* WORK REQUEST:
Retype the data that follows line by line, exactly, and leave its pictures out.

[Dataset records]
-*-*-
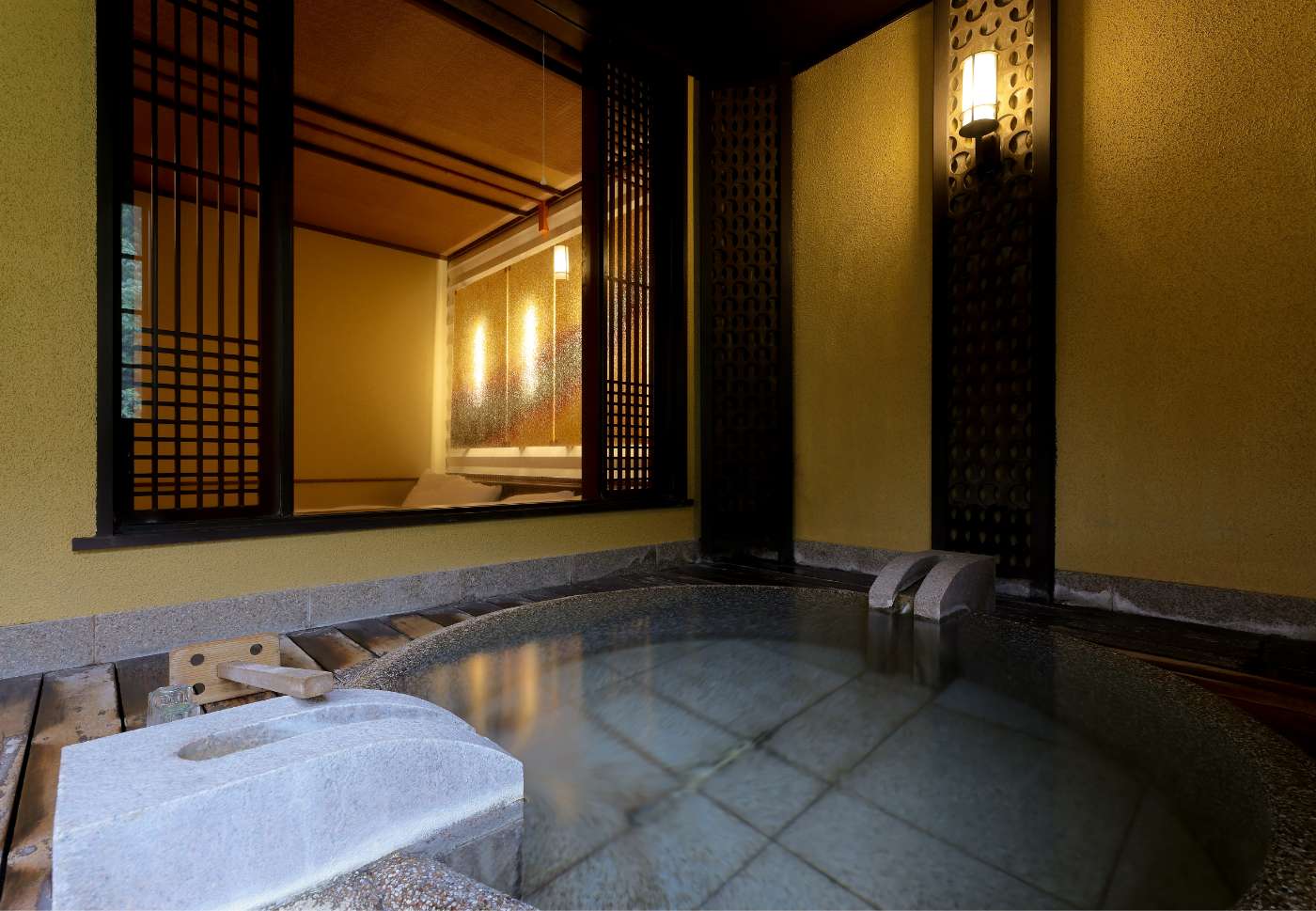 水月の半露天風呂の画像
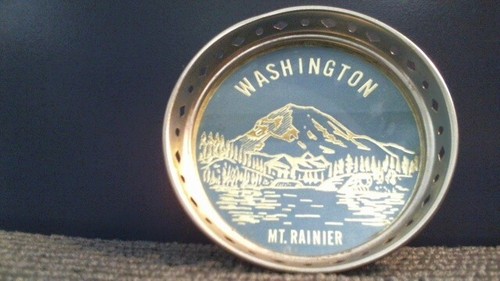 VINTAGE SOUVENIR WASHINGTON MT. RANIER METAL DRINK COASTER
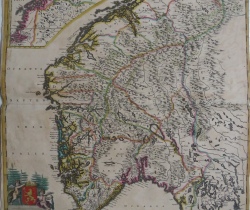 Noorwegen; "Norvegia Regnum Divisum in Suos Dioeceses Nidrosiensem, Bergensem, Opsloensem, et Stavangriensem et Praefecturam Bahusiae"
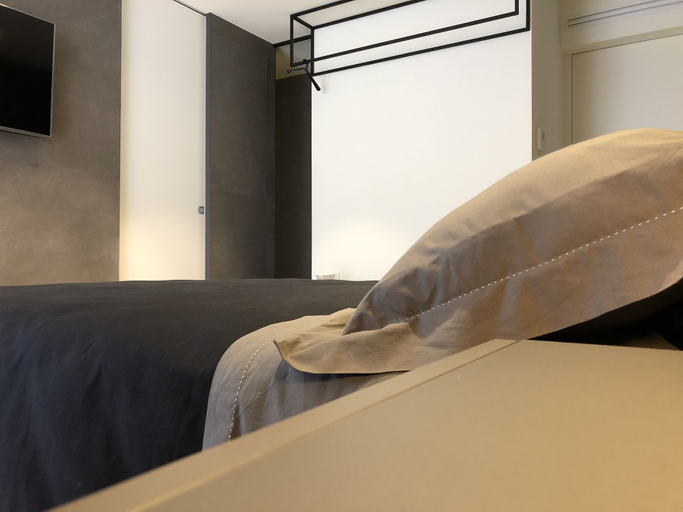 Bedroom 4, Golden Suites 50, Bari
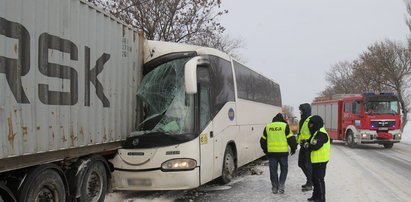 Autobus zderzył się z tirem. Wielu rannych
-*-*-
* ANSWER BOX:
 水月の半露天風呂の画像
 VINTAGE SOUVENIR WASHINGTON MT. RANIER METAL DRINK COASTER
 Noorwegen; "Norvegia Regnum Divisum in Suos Dioeceses Nidrosiensem, Bergensem, Opsloensem, et Stavangriensem et Praefecturam Bahusiae"
 Bedroom 4, Golden Suites 50, Bari
 Autobus zderzył się z tirem. Wielu rannych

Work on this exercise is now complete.